*PROBLEM DESCRIPTION*:
Please reproduce each of the following entries exactly.

[MATERIAL SHOWN — start]

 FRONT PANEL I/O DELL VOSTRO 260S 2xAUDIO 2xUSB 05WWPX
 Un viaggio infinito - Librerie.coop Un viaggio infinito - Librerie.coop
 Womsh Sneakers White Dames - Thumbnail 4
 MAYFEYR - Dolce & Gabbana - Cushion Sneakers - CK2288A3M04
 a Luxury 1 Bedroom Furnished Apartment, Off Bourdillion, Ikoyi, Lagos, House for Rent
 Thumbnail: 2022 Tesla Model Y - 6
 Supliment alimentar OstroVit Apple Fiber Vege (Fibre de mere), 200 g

[MATERIAL SHOWN — finish]

*RESULT FOR THIS TASK*:
 FRONT PANEL I/O DELL VOSTRO 260S 2xAUDIO 2xUSB 05WWPX
 Un viaggio infinito - Librerie.coop Un viaggio infinito - Librerie.coop
 Womsh Sneakers White Dames - Thumbnail 4
 MAYFEYR - Dolce & Gabbana - Cushion Sneakers - CK2288A3M04
 a Luxury 1 Bedroom Furnished Apartment, Off Bourdillion, Ikoyi, Lagos, House for Rent
 Thumbnail: 2022 Tesla Model Y - 6
 Supliment alimentar OstroVit Apple Fiber Vege (Fibre de mere), 200 g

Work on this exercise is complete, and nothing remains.